Packard Bell EasyNote TS review

Luxury level laptop features at a low, low price? Surprisingly, it's possible

Packard Bell EasyNote TS11-HR-040UK
Packard Bell's EasyNote TS range

TechRadar Verdict

A superb machine for the price, even if it does have a few let-downs.

Pros

  • +

    Nice full-sized keyboard

  • +

    Reasonable on-chip graphics

  • +

    Cool, powerful Sandy Bridge processor

  • +

    Decent battery life for a large machine

  • +

    Perfect at the price

Cons

  • -

    Unsusual aspect ratio

  • -

    Poor screen viewing angle

  • -

    Flimsy speakers

  • -

    No cutting-edge gaming

Why you can trust TechRadar We spend hours testing every product or service we review, so you can be sure you’re buying the best. Find out more about how we test.

It would be fair to say that we were a tad skeptical when we got our first look at the Packard Bell EasyNote TS. It's ostensibly a pretty laptop without much obviously going for it bar its shiny lid, so we were a little bit dismissive – that's the sort of stock response we reserve for anything in the sub-£500 bracket.

Perhaps – and this does take a certain degree of humility to say – we shouldn't have been so hasty. Because while it's not up to the lofty 3D standards of the Sony Vaio F Series and it doesn't have the leg-melting power of the high-end Apple MacBook Pro, the EasyNote TS is a mid-range performer at a low-end price, and absolutely the sort of laptop we'd be happy to welcome into our own homes.
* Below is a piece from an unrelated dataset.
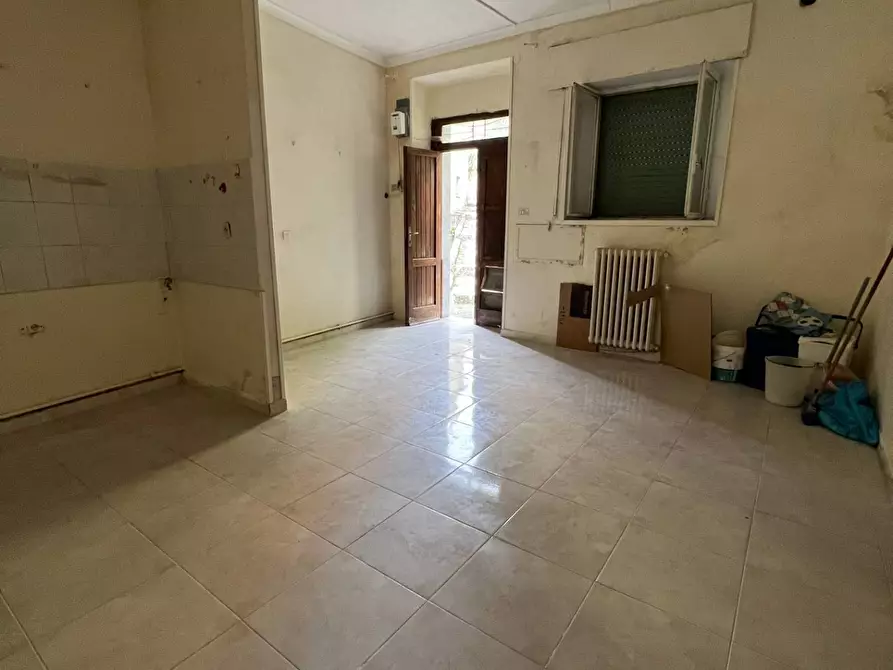 Immagine 3 di Casa indipendente in vendita  in via del riscatto 13 a Ariano Irpino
And we see a lot of laptops, so that's no mean feat.

Packard Bell was kind enough to send us the Ebony Black edition, perhaps to save our blushes at carrying around a coloured laptop, and having fully inspected the daisychain pattern – which also spreads over the wrist rest on the front of the case – we'd had to rescind our earlier assumption that this is in any way 'girly', at least on black; it's an utterly unisex pattern. Honest. It's a bit Louis Vuitton, if anything.

Packard bell easynote ts11

There's a pretty nifty chiclet keyboard spread across the entirety of the EasyNote TS, with a numerical pad, which is truly unusual for a laptop. It does mean the main typing surface is pushed over to the left of the unit, although the gesture-enabled trackpad (which is slick, responsive, and has a scroll section cleverly separated from the main body by a raised area) has been moved to match, which we applaud.